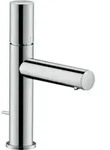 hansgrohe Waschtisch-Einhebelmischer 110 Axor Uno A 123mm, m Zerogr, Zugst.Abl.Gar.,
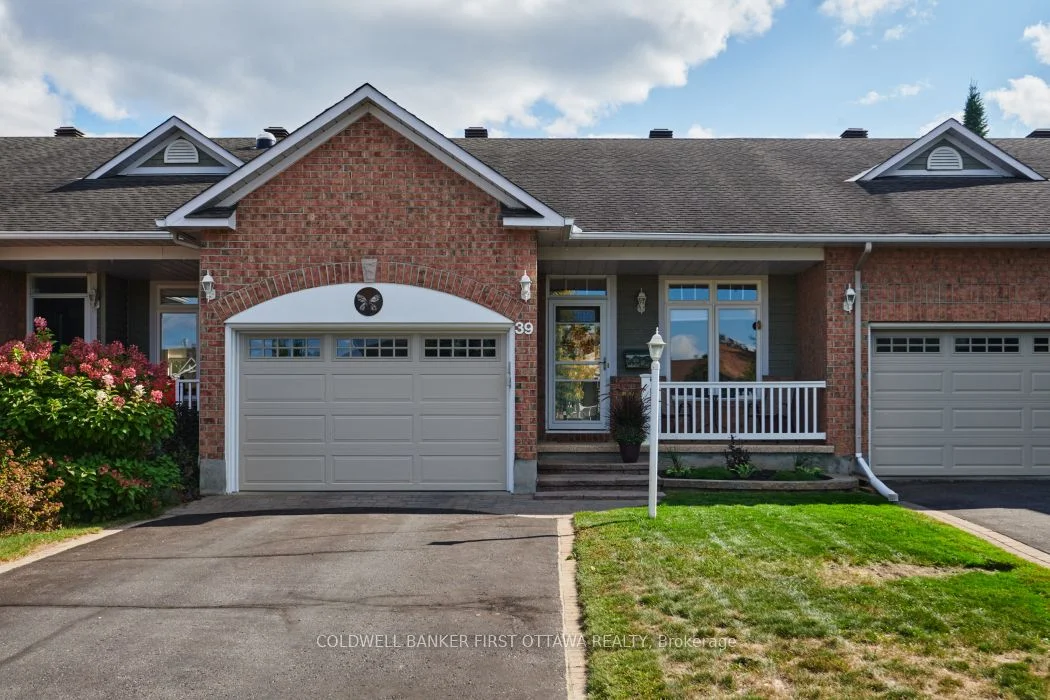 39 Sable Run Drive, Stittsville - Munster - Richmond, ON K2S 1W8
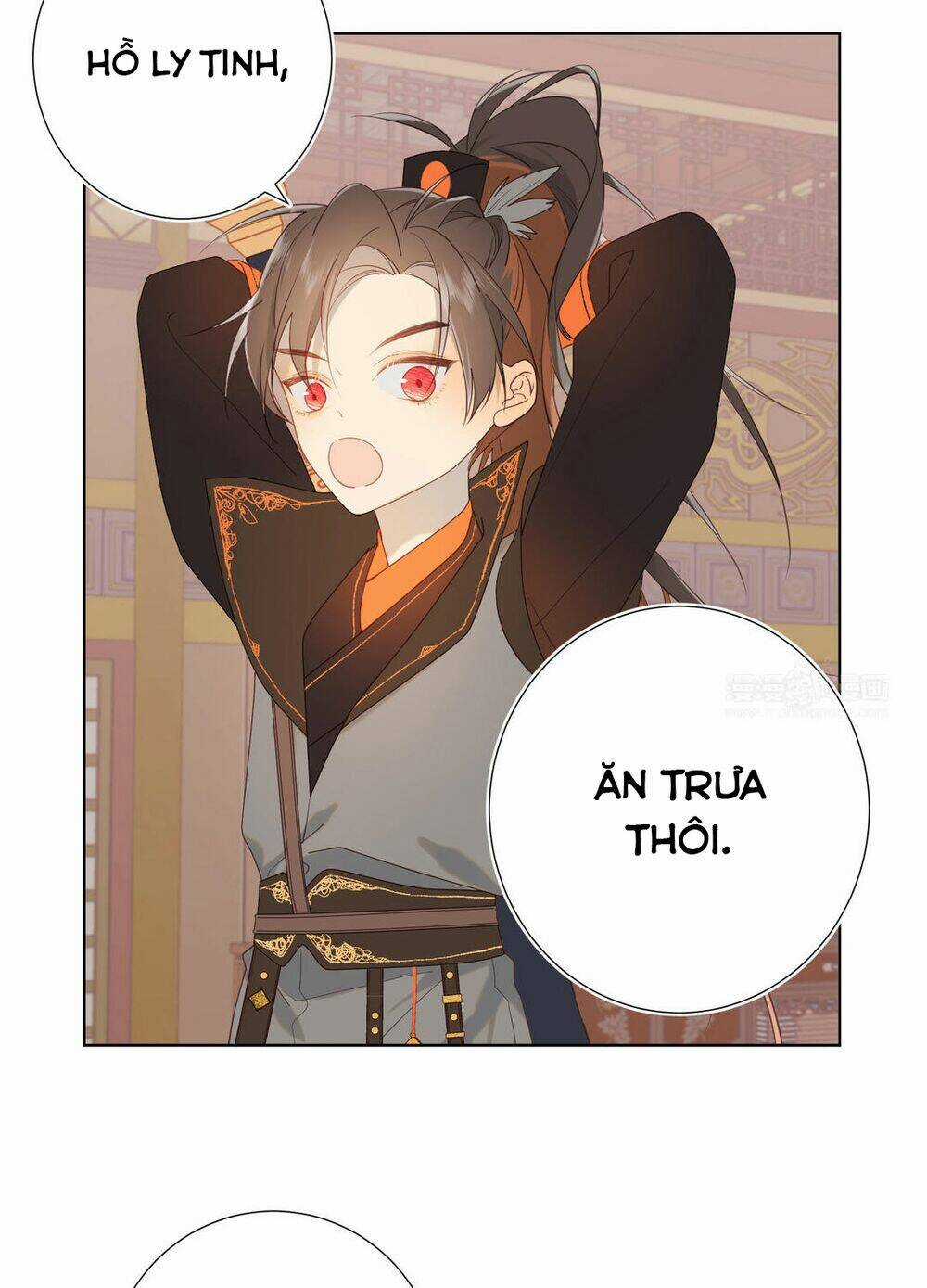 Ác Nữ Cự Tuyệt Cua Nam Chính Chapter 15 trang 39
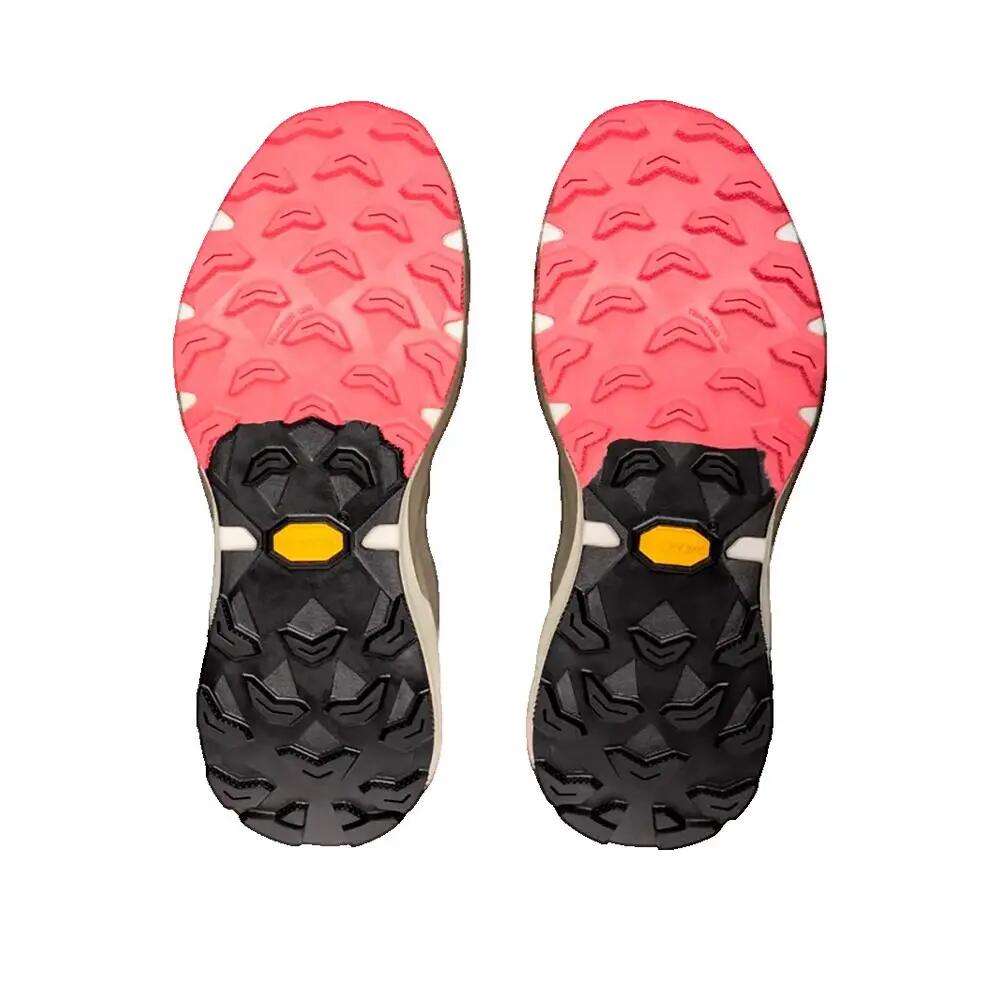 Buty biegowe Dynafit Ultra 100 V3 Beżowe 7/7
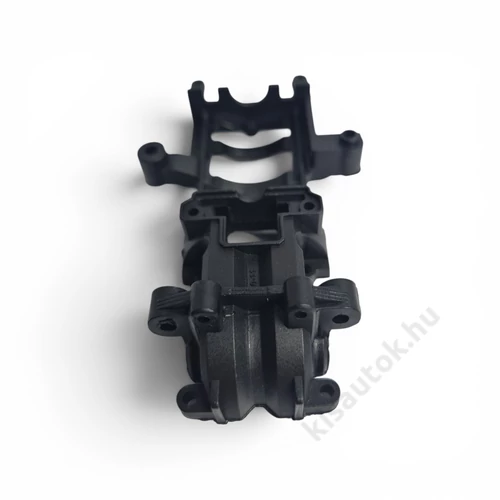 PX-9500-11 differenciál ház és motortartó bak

* * *

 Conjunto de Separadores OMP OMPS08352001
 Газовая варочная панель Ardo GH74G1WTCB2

---

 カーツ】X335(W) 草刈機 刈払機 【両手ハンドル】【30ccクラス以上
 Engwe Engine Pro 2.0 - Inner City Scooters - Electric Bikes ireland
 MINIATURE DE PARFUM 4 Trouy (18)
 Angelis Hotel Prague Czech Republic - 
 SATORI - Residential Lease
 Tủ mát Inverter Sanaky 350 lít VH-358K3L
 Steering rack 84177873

What to do ▸ "hansgrohe Waschtisch-Einhebelmischer 110" marks the first line to copy, and "PX-9500-11 differenciál ház" marks the last. Repeat that stretch above exactly, with no pictures.

Completed task ▸
 hansgrohe Waschtisch-Einhebelmischer 110 Axor Uno A 123mm, m Zerogr, Zugst.Abl.Gar.,
 39 Sable Run Drive, Stittsville - Munster - Richmond, ON K2S 1W8
 Ác Nữ Cự Tuyệt Cua Nam Chính Chapter 15 trang 39
 Buty biegowe Dynafit Ultra 100 V3 Beżowe 7/7
 PX-9500-11 differenciál ház és motortartó bak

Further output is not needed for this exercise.